自炊部の売店もちょいと覗いてみる。店番のおばあさんがひとりだけ。客も無くかなり暇そう。店には野菜、卵、果物‥‥。 おやっ? 醤油が何種類も並んでるなぁ。何故だろう? 聞けば味噌醤油はやっぱり人それぞれ好みがあるのだとか。「×××醤油は塩っぱくて、こっちでの人気は今ひとつだね。 こっちの醤油もいくつも置いてるよ。」 やっぱり湯治で何日も過ごすとなると、味噌醤油は好みのものでないとキツイもんなぁ。 そういえば私も数日九州を旅したとき、甘い醤油や味噌があわなくて結構辛かった思いがある。

何種類も醤油が並ぶ

廊下沿いの売店

野菜


藤三旅館を後にし、雪の坂道を少々登りバス停にでる。
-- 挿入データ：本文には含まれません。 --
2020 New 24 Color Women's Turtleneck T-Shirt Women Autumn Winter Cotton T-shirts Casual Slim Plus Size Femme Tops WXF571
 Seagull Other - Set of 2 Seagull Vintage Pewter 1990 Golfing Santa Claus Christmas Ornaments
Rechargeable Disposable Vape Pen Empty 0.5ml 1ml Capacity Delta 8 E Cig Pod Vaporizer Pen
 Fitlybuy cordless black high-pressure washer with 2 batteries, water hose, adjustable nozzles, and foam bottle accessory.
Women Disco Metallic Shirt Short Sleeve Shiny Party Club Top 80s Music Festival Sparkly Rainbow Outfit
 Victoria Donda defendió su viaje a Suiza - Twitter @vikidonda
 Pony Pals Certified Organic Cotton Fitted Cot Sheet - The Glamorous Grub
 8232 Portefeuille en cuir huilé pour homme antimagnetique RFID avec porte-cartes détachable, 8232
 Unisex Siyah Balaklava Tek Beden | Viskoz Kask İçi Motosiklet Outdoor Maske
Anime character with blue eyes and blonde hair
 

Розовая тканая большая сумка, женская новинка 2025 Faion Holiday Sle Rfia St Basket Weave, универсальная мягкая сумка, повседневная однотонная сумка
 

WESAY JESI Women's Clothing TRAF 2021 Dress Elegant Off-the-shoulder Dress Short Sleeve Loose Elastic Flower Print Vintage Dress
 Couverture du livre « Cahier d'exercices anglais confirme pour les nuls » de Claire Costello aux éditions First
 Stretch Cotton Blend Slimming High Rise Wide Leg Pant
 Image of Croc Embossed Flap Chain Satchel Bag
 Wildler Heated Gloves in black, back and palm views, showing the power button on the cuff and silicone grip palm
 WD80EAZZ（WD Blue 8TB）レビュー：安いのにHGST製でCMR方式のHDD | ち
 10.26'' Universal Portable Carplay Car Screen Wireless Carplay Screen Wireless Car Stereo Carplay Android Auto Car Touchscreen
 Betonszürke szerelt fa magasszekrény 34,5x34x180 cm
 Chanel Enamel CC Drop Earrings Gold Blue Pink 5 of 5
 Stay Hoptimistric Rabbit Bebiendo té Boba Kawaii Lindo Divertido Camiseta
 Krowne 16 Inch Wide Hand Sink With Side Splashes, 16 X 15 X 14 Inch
バスの時間までまだちょっとある。バス停ひとつ分歩いてみようか。隣のバス停はほんの数百メートル先の鉛温泉スキー場の前だ。山の上の方を見上げるとスキー場のなかなかいい斜面。降り積もったばかりの雪の上、まばらなスキーヤーが軽そうに滑っている。スキー道具を持ってきていればなぁ‥‥。ちょっと残念。そんな思いを断ち切るようにバスがやってきた。一旦、花巻駅まで戻って、次の温泉へ出直そう!